# Can anyone help plumb in an electric oven?



## jusali (Jun 19, 2008)

Advice needed...........


----------



## danny la rouge (Jun 19, 2008)

Having tried it, my advice is get an electrician.


----------



## snadge (Jun 19, 2008)

Well you need a separate feed from your consumer unit with it's own circuit breaker, work out the amperage from the wattage of the oven ie W=A*V

then feed 6mm twin and earth from said circuit breaker to isolator switch situated near the oven which of course should be the correct amperage, then from isolator switch to oven.


----------



## kalidarkone (Jun 19, 2008)

I might be able to find one on a skillsharing website that I'm a member of.

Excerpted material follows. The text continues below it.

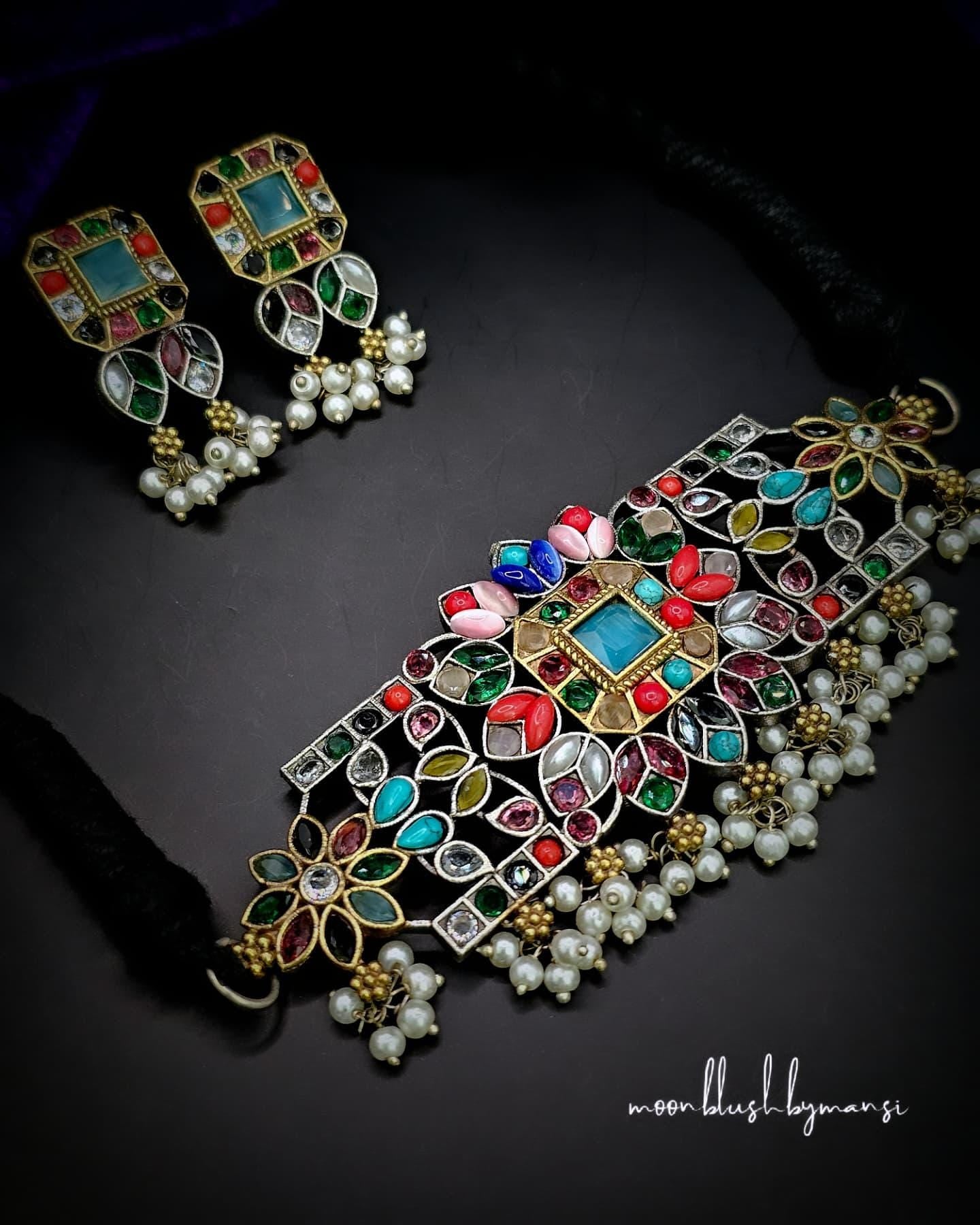 Handcrafted Silver Replica Choker Set: CZ, AD Stones & Pearls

I'll ask around I dont expect it costs that much to wire one in.


----------



## dessiato (Jun 19, 2008)

I wouldn't try plumbing it! Try wiring it!


----------



## jusali (Jun 20, 2008)

dessiato said:


> I wouldn't try plumbing it! Try wiring it!


----------



## keybored (Jun 20, 2008)

If the cable's already there (from the old oven?) anyone with a terminal screwdriver can do it*; just be sure to switch the right breaker off/remove the right fuse at the board. Shut down the whole supply if you're unsure.
If it's from scratch then what snadge said _but_ you shouldn't really be attempting it unless you're pretty clued up (and even then it's a legal baddie unless you're Part P qualified). 

*I think Part P applies here too. I think it applies for changing a fucking plug these days.


----------



## gentlegreen (Jun 20, 2008)

Curiously enough, all my electrics, gas and plumbing were done decades ago - long before I moved in. 

If it *is *just an oven, some of 'em can go into a 13 amp socket.

Hobs no - they're kilowatts per ring.


----------



## keybored (Jun 20, 2008)

> Anyone is entitled to carry out electrical installation work in dwellings. However, when carrying out electrical work, there are two points to consider:
> 
> * All work - however minor - must, by law, comply with Part P requirements



http://www.partp.co.uk/consumer/index.asp

I'm a bit confused whether compliance with Part P means the work _has to be _carried out by a "Competent Person".


----------



## jusali (Jun 20, 2008)

I have given notice to my local authority that intend to fart in my bathroom, here's hoping.............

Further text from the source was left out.